Stored data START

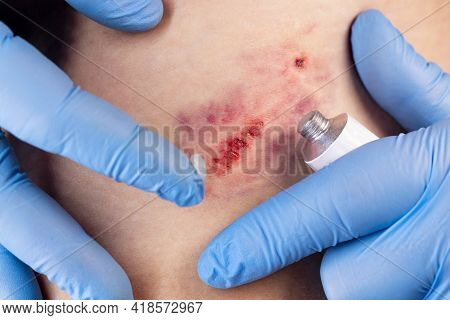 Doctors Hands In Gloves Performs The Treatment The Wound With The Help Of Ointment. Hematoma Of Tiss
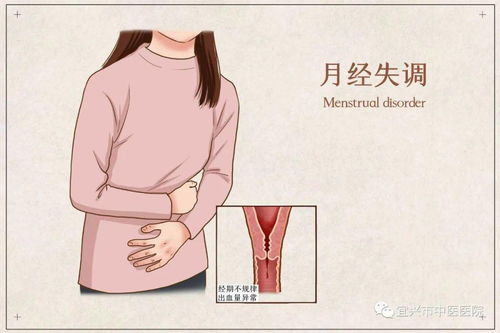 月经不调的烦恼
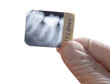 x-ray teeth diagnostics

Stored data END

_Work task_.
Would you reproduce each line of the material exactly, omitting the images?

_Result for this exercise_.
 Doctors Hands In Gloves Performs The Treatment The Wound With The Help Of Ointment. Hematoma Of Tiss
 月经不调的烦恼
 x-ray teeth diagnostics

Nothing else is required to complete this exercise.